LOS ANGELES -- Barack Obama picked up the endorsement of a leading anti-war group Friday and said Democratic presidential rival Hillary Rodham Clinton still has not adequately explained her vote to go into Iraq.

Obama told reporters in a news conference that, even though Clinton explains how she would like to end the war, her explanation for her vote leading into the war is disingenuous. He said his opposition against the war from the start will make him the stronger rival to Republican front-runner and war backer John McCain in the general election.

Obama's long-standing opposition to the war helped him pick up the backing of MoveOn.org, a liberal network which counts 3.2 million members and decided to support him by a vote of 70 percent to 30 percent for Clinton. The group said Friday that it has 1.7 million members in the 22 states scheduled to vote in the race Tuesday, and it would immediately begin a campaign to get them behind Obama.

Obama also picked up the support of a large union in California which had endorsed rival John Edwards, who dropped out of the race this week.

Meanwhile, Oprah Winfrey was returning to the campaign trail in support of her friend Obama. The talk show hostess planned to hold a rally with Obama's wife, Michelle, and Caroline Kennedy on Sunday in Los Angeles. Winfrey held massive rallies for Obama in December in the early voting states of Iowa, New Hampshire and South Carolina.

MoveOn.org executive director Eli Pariser said the country needs a president to end the war, provide universal health care, address climate change, restore America's standing in the world and "change business as usual in Washington." In his statement, Pariser thanked all the other candidates who ran in the Democratic primary for their contributions to the race.

Obama criticized Clinton's answer during a debate Thursday night when she was asked why she voted against a 2002 amendment offered by Sen.

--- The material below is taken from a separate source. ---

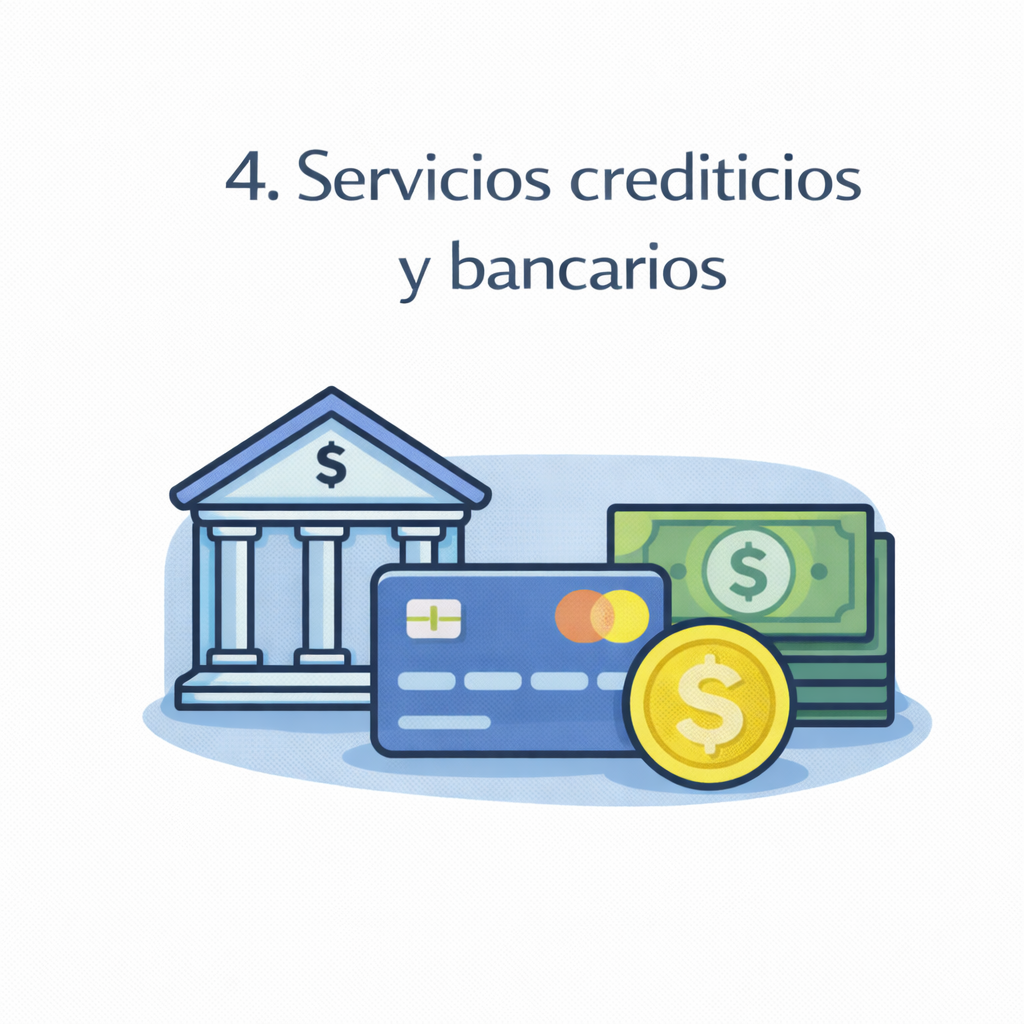 4. Servicios crediticios y bancarios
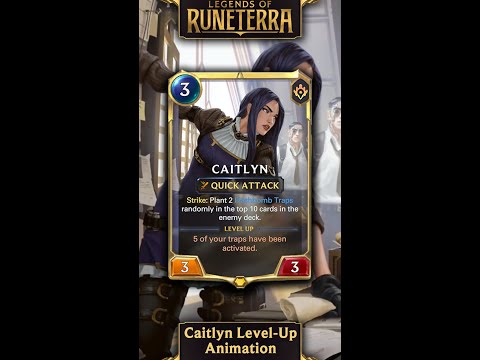 Legends of Runeterra - Caitlyn Level-Up Animation #shorts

Carl Levin, D-Mich. The amendment would have given weapons inspectors more time in Iraq and required President Bush to first obtain U.N. approval before using force. Clinton argued that a vote for the Levin amendment would have subordinated U.S. authority in Iraq to the U.N. Security Council and called it a troublesome precedent.

She reiterated her explanation of the 2002 vote to give Bush authority to use military force to oust Saddam Hussein. But she added, "If I had known then what I know now, I never would have given President Bush the authority. It was a sincere vote based on my assessment at the time and what I believed he would do with the authority he was given. He abused that authority; he misused that authority."

She declined to say the vote was a mistake. Obama criticized her explanation in his news conference, the third he's held this week leading into the Super Tuesday contests. Clinton holds a lead in the polling in most of those states.

"I think there continues to be a suggestion that it was not a vote for war, and I thought that her explanation with respect to the Levin amendment was inaccurate," Obama said. "Anyone who looks at the Levin amendment knows that we were not ceding sovereignty in some fashion to the United Nations."

Responding to Obama Friday, Clinton spokesman Phil Singer said Obama's early opposition to the war was not borne out by his actions in the Senate.

"The reality is that once he got sworn in, he explicitly called for keeping troops in Iraq and opposed a timeline for withdrawal, only changing his position when he became a candidate for the White House," Singer said.